There was no significant difference in intracranial area (mean [SD]; mm2) between the Patients (13,883 [971.24]) and that of the Controls (14,046.0 [1,404.32]; p>0.6). The mean [SD] of respective areas (mm2) of total CC, rostrum, genu, body, isthmus, and splenium in Patients and Controls are shown in Table 1. On ANCOVA, total CC area, body, isthmus, and splenium areas were significantly smaller in schizophrenia patients than in healthy subjects, but the areas of rostrum and genu did not differ significantly between two groups (Table 2).

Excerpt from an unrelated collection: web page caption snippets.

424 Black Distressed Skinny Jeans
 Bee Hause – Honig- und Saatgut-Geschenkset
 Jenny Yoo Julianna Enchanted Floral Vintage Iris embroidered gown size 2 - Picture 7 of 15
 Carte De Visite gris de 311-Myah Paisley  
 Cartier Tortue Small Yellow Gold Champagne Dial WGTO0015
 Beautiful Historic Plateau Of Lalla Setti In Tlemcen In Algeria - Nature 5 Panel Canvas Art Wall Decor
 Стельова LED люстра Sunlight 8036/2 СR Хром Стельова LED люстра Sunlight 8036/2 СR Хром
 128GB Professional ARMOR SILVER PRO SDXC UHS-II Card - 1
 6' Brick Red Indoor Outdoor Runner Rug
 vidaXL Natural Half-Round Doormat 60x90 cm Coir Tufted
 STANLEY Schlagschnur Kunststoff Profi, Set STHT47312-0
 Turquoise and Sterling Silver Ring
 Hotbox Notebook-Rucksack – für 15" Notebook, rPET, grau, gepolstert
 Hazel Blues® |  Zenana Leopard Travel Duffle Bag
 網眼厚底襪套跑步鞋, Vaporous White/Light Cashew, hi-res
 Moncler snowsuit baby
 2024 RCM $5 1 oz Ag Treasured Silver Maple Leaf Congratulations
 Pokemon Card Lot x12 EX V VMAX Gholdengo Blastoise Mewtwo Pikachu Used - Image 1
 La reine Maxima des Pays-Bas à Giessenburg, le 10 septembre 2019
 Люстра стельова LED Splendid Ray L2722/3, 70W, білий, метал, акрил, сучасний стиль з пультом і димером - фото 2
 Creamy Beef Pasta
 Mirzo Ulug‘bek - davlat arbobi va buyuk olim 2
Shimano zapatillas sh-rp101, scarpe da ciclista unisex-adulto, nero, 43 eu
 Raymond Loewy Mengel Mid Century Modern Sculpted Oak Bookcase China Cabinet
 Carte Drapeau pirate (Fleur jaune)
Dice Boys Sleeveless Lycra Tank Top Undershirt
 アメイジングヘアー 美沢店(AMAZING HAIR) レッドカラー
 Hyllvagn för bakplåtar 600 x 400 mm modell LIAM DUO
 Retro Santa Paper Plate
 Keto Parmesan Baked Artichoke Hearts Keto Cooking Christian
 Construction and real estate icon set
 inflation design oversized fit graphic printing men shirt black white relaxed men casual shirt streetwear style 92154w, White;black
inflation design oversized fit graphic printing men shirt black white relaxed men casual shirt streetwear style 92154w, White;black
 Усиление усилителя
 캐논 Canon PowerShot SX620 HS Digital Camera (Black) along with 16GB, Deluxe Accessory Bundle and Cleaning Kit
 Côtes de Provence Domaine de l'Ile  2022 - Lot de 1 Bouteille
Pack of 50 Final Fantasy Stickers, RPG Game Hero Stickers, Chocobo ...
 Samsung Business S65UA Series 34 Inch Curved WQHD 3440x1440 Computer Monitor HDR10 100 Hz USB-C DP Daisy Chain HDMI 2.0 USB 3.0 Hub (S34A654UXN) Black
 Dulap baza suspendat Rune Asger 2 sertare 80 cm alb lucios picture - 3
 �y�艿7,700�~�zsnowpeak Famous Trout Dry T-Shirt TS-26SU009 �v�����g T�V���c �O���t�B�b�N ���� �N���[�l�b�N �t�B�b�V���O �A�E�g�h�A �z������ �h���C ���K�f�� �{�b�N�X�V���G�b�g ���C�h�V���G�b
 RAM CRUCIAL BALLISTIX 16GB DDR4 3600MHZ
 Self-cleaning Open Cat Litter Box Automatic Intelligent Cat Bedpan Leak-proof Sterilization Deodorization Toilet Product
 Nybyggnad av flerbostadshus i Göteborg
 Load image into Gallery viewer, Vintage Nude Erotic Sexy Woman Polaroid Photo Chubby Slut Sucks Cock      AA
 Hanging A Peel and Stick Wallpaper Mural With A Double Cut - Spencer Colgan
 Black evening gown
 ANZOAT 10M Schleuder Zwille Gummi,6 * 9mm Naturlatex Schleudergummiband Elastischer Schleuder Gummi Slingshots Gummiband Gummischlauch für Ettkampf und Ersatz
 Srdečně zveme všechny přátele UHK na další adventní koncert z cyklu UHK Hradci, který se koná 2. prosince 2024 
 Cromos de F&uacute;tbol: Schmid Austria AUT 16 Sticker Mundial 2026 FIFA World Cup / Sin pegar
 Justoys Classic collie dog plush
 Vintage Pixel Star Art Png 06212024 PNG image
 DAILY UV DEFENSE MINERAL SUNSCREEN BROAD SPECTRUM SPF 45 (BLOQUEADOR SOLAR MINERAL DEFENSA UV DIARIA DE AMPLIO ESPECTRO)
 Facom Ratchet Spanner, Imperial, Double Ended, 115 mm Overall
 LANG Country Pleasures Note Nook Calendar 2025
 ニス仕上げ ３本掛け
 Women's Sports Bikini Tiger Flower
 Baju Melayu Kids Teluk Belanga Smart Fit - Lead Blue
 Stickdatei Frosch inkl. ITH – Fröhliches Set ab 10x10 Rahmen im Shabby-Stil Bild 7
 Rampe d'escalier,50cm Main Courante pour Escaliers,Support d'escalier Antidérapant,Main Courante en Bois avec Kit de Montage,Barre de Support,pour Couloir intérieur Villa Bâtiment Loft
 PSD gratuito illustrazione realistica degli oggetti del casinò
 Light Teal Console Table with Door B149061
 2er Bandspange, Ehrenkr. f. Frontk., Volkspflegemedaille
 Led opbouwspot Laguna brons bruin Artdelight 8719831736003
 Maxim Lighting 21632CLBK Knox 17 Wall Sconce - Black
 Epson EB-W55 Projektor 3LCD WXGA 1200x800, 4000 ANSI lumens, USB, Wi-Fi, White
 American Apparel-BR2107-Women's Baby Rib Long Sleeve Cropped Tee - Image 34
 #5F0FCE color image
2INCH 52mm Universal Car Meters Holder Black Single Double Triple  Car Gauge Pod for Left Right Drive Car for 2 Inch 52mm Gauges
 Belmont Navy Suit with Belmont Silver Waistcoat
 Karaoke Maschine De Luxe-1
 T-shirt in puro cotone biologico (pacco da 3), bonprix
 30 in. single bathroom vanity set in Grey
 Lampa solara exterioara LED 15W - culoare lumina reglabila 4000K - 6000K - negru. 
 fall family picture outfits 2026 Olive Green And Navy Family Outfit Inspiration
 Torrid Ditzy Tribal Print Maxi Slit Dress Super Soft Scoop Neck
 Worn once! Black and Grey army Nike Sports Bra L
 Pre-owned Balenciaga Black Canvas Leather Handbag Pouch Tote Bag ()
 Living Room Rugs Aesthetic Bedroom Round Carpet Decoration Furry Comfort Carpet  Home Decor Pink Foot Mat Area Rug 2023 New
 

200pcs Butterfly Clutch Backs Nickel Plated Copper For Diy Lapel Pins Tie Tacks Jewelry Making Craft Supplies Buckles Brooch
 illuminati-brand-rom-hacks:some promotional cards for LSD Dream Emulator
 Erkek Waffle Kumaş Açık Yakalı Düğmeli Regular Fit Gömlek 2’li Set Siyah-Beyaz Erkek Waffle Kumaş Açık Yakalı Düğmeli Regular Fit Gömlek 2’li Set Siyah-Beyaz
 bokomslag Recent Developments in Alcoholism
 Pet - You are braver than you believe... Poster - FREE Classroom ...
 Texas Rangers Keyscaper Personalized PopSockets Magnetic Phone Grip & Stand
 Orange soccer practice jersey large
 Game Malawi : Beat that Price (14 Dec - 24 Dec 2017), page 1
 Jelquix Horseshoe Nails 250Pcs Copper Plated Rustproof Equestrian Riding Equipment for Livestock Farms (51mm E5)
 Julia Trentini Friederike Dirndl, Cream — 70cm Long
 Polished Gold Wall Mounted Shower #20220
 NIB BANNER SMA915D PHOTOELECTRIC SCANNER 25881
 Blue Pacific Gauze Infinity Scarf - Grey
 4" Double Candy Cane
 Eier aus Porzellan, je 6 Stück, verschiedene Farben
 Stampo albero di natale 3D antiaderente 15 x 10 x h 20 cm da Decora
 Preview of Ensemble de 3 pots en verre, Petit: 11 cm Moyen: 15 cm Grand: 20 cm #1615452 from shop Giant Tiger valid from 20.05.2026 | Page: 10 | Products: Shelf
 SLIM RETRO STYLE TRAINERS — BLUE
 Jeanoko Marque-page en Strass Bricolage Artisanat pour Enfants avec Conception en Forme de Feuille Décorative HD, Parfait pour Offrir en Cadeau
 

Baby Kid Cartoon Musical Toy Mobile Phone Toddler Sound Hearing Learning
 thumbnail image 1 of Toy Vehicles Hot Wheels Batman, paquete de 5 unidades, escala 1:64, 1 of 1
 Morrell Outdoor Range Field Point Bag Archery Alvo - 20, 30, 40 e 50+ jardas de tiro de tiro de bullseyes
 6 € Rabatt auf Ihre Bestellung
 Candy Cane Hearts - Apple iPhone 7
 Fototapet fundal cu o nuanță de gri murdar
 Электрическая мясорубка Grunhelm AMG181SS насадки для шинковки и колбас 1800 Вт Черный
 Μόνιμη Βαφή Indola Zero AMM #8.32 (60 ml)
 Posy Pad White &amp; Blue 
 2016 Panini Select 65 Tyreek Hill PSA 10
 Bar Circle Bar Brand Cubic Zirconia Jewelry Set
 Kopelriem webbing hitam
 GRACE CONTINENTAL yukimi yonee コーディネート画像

We examined the difference in CC areas between three groups, namely, schizophrenia Patients with first-rank symptoms (FRS), without FRS, and Controls, using ANCOVA with age and intracranial area as covariates and sex as a fixed factor. There was no significant difference in intracranial area (mean [SD]; mm2) of the Patients with FRS (13,781.28 [979.77]) and those without FRS (13,972.06 [986.75]) and that of the Controls (14,046.0±1,404.32; p>0.79). There was a significant effect of status of FRS in the splenium area and a trend toward significance in body and total CC area (Table 3). Post-hoc analysis revealed those without FRS to have significantly smaller splenium than Controls (p=0.001). Schizophrenia Patients with FRS, although intermediate, did not differ significantly from the Controls (p=0.75). There was a trend-level significance between those without FRS and with FRS (p=0.07; Figure 1). There was no significant correlation between SANS and SAPS scores and callosal areas.
DISCUSSION
To the best of our knowledge, this is the first study to use 3-Tesla MRI to examine corpus callosum in antipsychotic-naïve schizophrenia patients. In this study, patients had significantly smaller corpus callosum area, splenium, isthmus, and body. A novel finding of the study is that only those patients without FRS differed significantly from control subjects; FRS-positive patients did not.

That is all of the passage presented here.